Comment by nomilk
4 days ago
Occasionally I'll forget a famous quote [0] so I'll describe it to an LLM but the LLM is rarely able to find it. I think it's because the description of the quote uses 'like' words, but not the exact words in the quote, so the LLM gets confused and can't find it.
Interestingly, the opposite conclusion is drawn in the TFA (the article says LLMs are quite good at identifying 'like' words, or, at least, better than the cosine method, which admittedly isn't a high bar).
[0] Admittedly, some are a little obscure, but they're in famous publications by famous authors, so I'd have expected an LLM to have 'seen' them before.
That's not how llm training and recall works at all so I'm not surprised you are not getting good results in this way. You would be much better using a conventional search engine or if you want to use an llm, use one with a search tool so it will use the search engine for you.
The problem you're encountering is not the model being unable to determine whether a quote it knows is responsive to your prompt but instead is a problem to do with recall in the model (which is not generally a task it's trained for). So it's not a similarity problem it's a recall problem.
When LLMs are trained on a particular document, they don't save a perfect copy somehow that they can fish out later. They use it to update their weights via backpropogation and are evaluated on their "sentence completion" task during the main phase of training or on a prompt response eval set during instruction fine tuning. Unless your quote is in that set or is part of the eval for the sentence completion task during the main training, there's no reason to suppose the LLM will particularly be able to recall it as it's not being trained to do that.
So what happens instead is the results of training on your quote update the weights in the model and that maybe somehow in some way that is quite mysterious results in some ability to recall it later but it's not a task it's evaluated on or trained for, so it's not surprising it's not great at it and in fact it's a wonder it can do it at all.

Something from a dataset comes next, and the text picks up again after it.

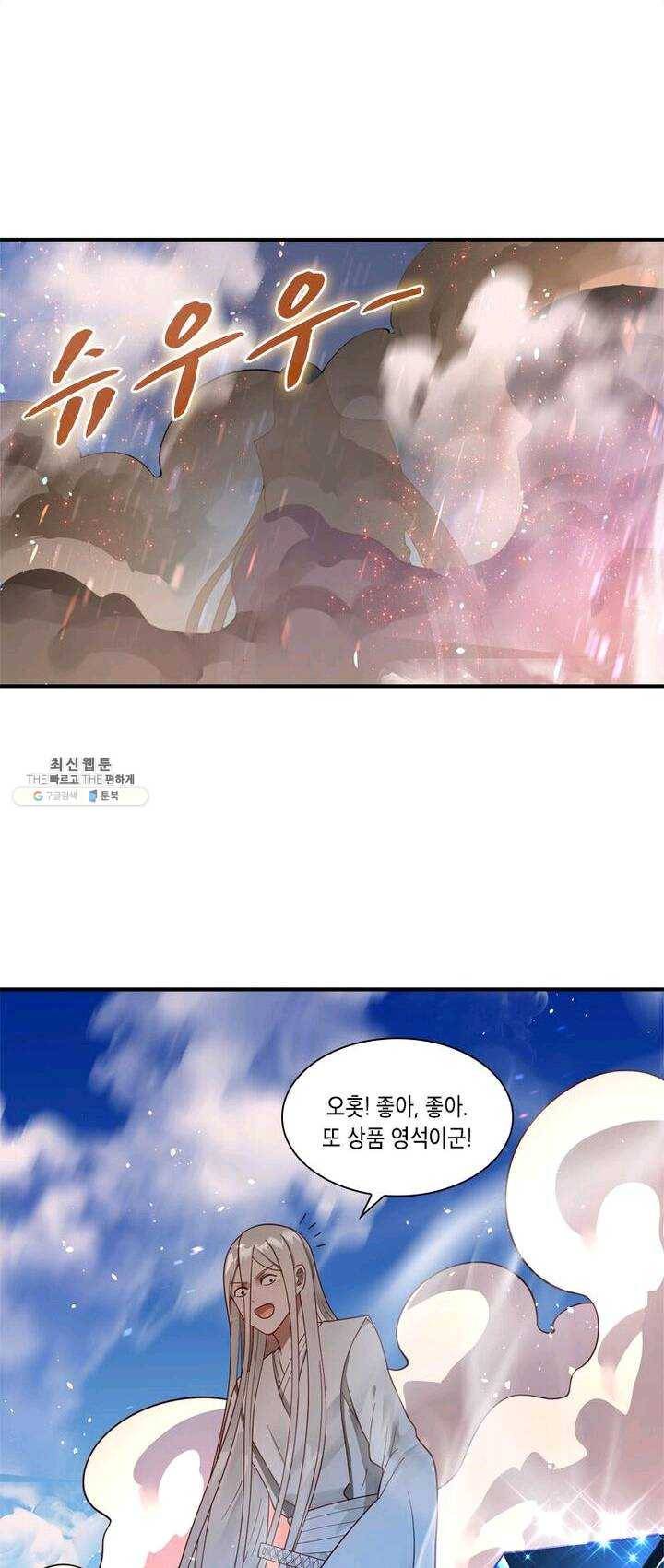 백련성신 395화 10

p.s. If you want to evaluate whether it is struggling with similarity, look up a quote and ask a model whether or not it's responsive to a given question. I.e. give it a prompt like this
Funny, I've done this a few times with good results. I guess it depends on the quote and the amount of context you give it.
This is also a case where something like perplexity might yield better results because it would try to find authoritative sources and then use the LLM to evaluate what it finds instead of relying on the LLM to have perfect recall for the quote. Which of course can fail in the exact same way my own brain is failing me (mangling words, mixing up people, etc.). It's something that works surprisingly well. I pay for Chat GPT and I don't pay for perplexity. But I find myself using that more and more.